> **What the task requires**: Search the records for lines that contain the word "Used". Copy them all.

Stored items from a collection
Content starts

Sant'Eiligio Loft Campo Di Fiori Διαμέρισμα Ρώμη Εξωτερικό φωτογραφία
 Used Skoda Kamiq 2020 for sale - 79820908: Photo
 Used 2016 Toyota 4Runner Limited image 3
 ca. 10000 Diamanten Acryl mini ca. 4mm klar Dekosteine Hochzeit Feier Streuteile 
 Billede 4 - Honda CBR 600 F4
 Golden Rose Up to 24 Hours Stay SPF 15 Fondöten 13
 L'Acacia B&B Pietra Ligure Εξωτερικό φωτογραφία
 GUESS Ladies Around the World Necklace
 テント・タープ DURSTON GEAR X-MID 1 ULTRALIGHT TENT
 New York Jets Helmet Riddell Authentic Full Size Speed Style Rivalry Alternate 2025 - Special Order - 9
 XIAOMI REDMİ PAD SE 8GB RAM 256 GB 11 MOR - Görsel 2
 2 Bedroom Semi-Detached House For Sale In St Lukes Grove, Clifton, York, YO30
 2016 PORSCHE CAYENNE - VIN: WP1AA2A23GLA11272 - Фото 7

Content ends

> **Solved exercise**:
 Used Skoda Kamiq 2020 for sale - 79820908: Photo
 Used 2016 Toyota 4Runner Limited image 3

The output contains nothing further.